O plano era abrir as portas na sexta (26), às 12h. Às 15h de quinta, quando o prefeito Eduardo Paes fez o anúncio oficial do cancelamento em uma coletiva no Centro do Operações, não havia mais o que fazer.

“Foram R$ 67 mil no lixo”, conta. Um dos sócios chegou a vender o carro, um Fiesta, para entrar na empreitada. “Era o tipo de negócio que não tinha como dar errado. Nos prometeram que o mundo estaria com os olhos em Guaratiba, que a visita do papa iria mudar tudo. E agora?”

Dona do restaurante Hi Deu Certo, quase ao lado da casa de Rodrigo, Leila Santos de Oliveira tinha 3.000 quentinhas encomendadas. “Quando o pessoal da obra começou a almoçar aqui e comentar que o palco estava cedendo, vi que não tinha mais jeito”, disse.

Sem papa nem peregrinos e com o serviço cancelado, a solução foi doar os 800 frangos congelados que havia comprado para os vizinhos e torcer para tirar parte do prejuízo na venda dos refrigerantes que estocou pensando na multidão com sede. “O chão de todo mundo caiu.”

“Não tinha como dar certo”

O terreno, que ainda guarda quase toda a estrutura montada para a vigília, virou atração no bairro. Várias pessoas param para bater fotos do que restou das construções. Entre a lama e a água que tomaram conta do espaço, destaca-se o palco, com uma enorme cruz no meio, e o sem fim de tendas que iriam abrigar praças de alimentação e igrejas.

Os vizinhos do Campus Fidei, no entanto, já desconfiavam há tempos que a Jornada teria problemas. Há 15 anos no local, o técnico de aquecimento João Medeiros, que tem um pequeno sítio coberto de árvores frutíferas ao lado do terreno, diz que foi acusado de pessimismo pela mulher ao comentar, ainda quando começaram as obras, que não daria certo.

 “Eu sabia, não tinha como.
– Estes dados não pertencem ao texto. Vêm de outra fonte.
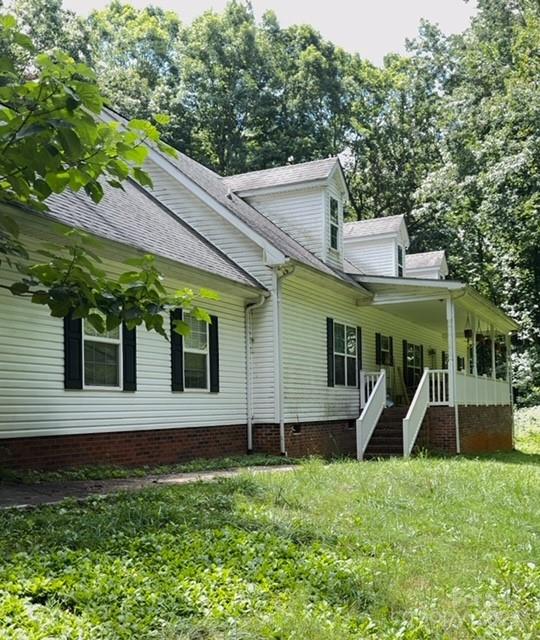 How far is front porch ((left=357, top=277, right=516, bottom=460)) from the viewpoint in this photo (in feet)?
52.8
Mataram o manguezal e não escoaram a água. Eu e meus filhos tirávamos caranguejos de balde daí, para aterrar precisava muito mais trabalho”, afirma. Ele conta que passou dois anos ouvindo helicópteros e vendo caminhões entrarem e saírem da área na terraplanagem, mas não viu fazerem valas que levassem a água em direção ao córrego que corre perto do terreno.

Os próprios operários, que hoje guardam as instalações do campus e ajudam no deslocamento de parte do equipamento, dizem que não havia como fazer a vigília ali. “Se você caminhar um pouco para frente, a água bate no joelho. E o que não é água é lama. Isso precisava de pelo menos mais um mês de trabalho”, afirma uma operária que guardava uma das entradas do Campus e preferiu não se identificar.

Perto de zero

O prefeito do Rio, Eduardo Paes, deu uma "nota perto de zero" para a organização da Jornada, que entre outras coisas, não previu a chuva. A Jornada diz que o terreno em Guaratiba "foi preparado com carinho, seguindo as normas legais", e que a chuva que inviabilizou o local não costuma acontecer "regularmente nesta época".

A quantia gasta no evento será "informada posteriormente", segundo o texto. A Jornada Mundial da Juventude é considerada um grande teste para o Rio de Janeiro, que irá sediar partidas da Copa do Mundo em menos de um ano, e os Jogos Olímpicos de 2016.